I gotta get me some of those.
I tried to follow the link and got this....
Quote:
Looking for something?
We're sorry. The Web address you entered is not a functioning page on our site
Go to Amazon.com's Home Page
This is the link for the first one
HERE
This is another source for 3/4 cup
HERE
Setanta wrote:I'm probably being dense here, but as someone who had baked bread all of his adult life, i am amazed at this insistence on a 3/4 cup measure--just what, precisely, do you need one for?
Don't trust Intrepid's measuring cups--they're probably Imperial rather than U.S. Standard.
Just to not trust something because it comes from Intrepid is a silly thing to do.
There was absolutely nothing constructive in your post. Someone was looking for help and you pooh pooh their need and desire... typical
What a putz . . . Intrepid, you are in Canadia, n'est-ce pas? In Canadia, they sell measuring cups which measure in the Imperial scale, n'est-ce pas? Not every thing is about you personally, Bubba. The Imperial measuring system is 20% larger in volume measures than U.S. Standard. That means that every 5 ouces of volume Imperial equal 6 ounces volume U.S. Standard. An Imperial pint of 16 ounces is nearly 20 ounces U.S. Standard. A three-quarters cup measurement Imperial would be more than an ounce over the U.S. Standard version.

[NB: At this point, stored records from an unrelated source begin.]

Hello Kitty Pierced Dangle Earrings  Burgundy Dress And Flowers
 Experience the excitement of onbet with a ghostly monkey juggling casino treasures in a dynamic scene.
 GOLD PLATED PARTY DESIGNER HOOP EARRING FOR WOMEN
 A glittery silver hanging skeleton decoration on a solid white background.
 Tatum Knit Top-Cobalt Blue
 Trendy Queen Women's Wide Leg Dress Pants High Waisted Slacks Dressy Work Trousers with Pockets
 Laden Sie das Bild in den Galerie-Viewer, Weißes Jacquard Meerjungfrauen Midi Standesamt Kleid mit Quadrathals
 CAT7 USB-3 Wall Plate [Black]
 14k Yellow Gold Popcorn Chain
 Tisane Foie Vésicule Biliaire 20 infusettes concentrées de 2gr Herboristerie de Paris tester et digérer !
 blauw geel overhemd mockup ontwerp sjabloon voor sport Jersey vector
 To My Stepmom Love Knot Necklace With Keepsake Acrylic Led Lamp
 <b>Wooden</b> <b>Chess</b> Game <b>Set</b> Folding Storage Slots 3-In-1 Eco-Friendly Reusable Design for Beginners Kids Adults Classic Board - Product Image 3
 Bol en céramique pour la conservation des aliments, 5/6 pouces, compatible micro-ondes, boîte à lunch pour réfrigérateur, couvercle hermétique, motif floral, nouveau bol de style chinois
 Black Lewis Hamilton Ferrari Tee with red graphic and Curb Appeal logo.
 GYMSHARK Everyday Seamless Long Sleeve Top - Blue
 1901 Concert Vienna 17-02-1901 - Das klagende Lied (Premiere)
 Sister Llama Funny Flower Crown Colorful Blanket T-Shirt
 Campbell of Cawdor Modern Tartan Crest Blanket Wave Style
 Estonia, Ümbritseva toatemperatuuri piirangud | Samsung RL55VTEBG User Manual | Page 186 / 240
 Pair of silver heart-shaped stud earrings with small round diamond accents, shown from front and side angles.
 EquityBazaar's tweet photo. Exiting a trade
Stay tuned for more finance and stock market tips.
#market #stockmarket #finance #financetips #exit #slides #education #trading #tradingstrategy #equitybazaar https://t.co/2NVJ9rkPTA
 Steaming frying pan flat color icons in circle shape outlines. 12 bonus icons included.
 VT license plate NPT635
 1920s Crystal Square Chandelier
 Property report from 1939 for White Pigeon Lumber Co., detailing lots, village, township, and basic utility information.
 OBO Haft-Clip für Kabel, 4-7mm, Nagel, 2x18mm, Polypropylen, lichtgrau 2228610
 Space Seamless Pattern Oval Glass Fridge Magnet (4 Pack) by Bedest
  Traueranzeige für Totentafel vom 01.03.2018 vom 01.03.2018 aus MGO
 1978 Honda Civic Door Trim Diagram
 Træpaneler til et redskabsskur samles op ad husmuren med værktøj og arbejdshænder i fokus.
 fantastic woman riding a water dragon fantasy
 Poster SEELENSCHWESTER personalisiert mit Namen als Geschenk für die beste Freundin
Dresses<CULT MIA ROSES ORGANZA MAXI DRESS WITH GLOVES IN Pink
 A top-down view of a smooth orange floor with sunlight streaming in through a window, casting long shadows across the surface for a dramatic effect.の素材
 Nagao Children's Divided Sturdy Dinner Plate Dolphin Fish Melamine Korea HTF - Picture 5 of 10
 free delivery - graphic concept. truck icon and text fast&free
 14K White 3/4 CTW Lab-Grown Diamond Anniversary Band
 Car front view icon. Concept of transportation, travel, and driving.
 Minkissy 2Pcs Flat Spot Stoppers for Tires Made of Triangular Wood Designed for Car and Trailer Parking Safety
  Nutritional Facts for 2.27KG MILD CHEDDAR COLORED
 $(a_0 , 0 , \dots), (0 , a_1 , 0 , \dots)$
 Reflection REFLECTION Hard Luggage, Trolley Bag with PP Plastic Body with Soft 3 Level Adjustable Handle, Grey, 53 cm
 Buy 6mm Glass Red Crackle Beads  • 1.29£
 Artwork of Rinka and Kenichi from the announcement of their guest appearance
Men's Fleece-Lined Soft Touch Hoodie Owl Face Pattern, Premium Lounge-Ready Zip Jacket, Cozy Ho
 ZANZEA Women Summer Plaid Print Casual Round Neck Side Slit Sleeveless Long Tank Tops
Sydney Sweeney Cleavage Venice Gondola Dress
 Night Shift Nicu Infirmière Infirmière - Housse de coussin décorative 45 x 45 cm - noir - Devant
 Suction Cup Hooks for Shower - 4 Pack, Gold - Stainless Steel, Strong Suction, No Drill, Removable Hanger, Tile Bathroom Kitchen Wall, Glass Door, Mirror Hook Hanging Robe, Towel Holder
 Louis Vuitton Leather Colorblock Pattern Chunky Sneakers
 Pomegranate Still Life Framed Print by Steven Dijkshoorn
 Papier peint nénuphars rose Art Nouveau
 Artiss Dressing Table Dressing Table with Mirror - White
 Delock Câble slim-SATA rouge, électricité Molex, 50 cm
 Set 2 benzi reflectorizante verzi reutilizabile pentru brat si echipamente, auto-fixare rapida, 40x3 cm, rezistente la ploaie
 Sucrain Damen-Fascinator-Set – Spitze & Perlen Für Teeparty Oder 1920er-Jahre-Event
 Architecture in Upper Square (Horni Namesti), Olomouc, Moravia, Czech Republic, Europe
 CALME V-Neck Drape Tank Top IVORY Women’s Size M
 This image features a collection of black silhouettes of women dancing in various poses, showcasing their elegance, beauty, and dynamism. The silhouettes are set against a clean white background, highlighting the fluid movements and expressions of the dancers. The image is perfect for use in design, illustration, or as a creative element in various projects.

And that's all that was about.
Sheesh.
Despite that unnecessary nonsense, i'm still interested in knowing, Boom, why you want a 3/4 cup measure.
Wow! I'm such a recluse I had no idea that they made such things!
A 2/3 cup! Oh my. I think I'm going to order these.
It isn't really a big deal, Setanta, to have one but it seems like every recipe I use calls for 3/4 cups of something. It would just be easier to have a cup that size. It just seems really practical.
Especially for flour and things you have to spoon out instead of being able to scoop out.
Setanta wrote:What a putz . . . Intrepid, you are in Canadia, n'est-ce pas? In Canadia, they sell measuring cups which measure in the Imperial scale, n'est-ce pas? Not every thing is about you personally, Bubba. The Imperial measuring system is 20% larger in volume measures than U.S. Standard. That means that every 5 ouces of volume Imperial equal 6 ounces volume U.S. Standard. An Imperial pint of 16 ounces is nearly 20 ounces U.S. Standard. A three-quarters cup measurement Imperial would be more than an ounce over the U.S. Standard version.
And that's all that was about.
Sheesh.
Call me what you will. I am intelligent enough to post an American source for an American poster. The fact that you think otherwise detracts from a positive approach.
Of course the Imperial cup is 20% larger. This however, has nothing to do with the information that I posted in an effort to be helpful to Boomerang.
Cool . . . i though maybe you were saying that there was a baking task which commonly called for three-quarters cup, and that you used it every day. I'm not bad at cakes, and do very well with bread, and make one hell of a pie crust--but i'm no big time baker, otherwise. With bread, about the only thing i formally measure is the yeast--and for that i use either packets or cakes.
Take a nerve pill, Intrepid, and go pester somebody in the Great White North who can't escape you. You're the one trashing the thread--i simply pointed out to Boomer that you might have been recommending Imperial measuring devices. There is nothing i've ever seen at this site, though, which would automatically make me assume that you're intelligent enough to do anything more complex than shoe-tying.
This thread has been trashed only by your silly and snotty paranoia.
Waves to Intrepid, with whom I often disagree. Cheese it, what is the slap shot stuff? Measures may differ. Good to discuss that.
I've not so often seen a request for 2/3 cup, but like having one in my set and have used it.
Like having a stainless steel set, don't currently. 3/4ths seems to pop up in recipes all the time.
I'll add that I don't so much follow recipes, except for the first time cooking something, or when baking, when it does matter, though not always. That is, it doesn't always matter, and, further, I don't always follow the proportions anyway.. but it can matter.
Setanta, behave yourself! leave Intrepid alone.
Toll House cookies call for 3/4 cup of brown and 3/4 cup of white suger. That's need enough.
Boomer and osso, I have a 2/3 cup measure. I never use it.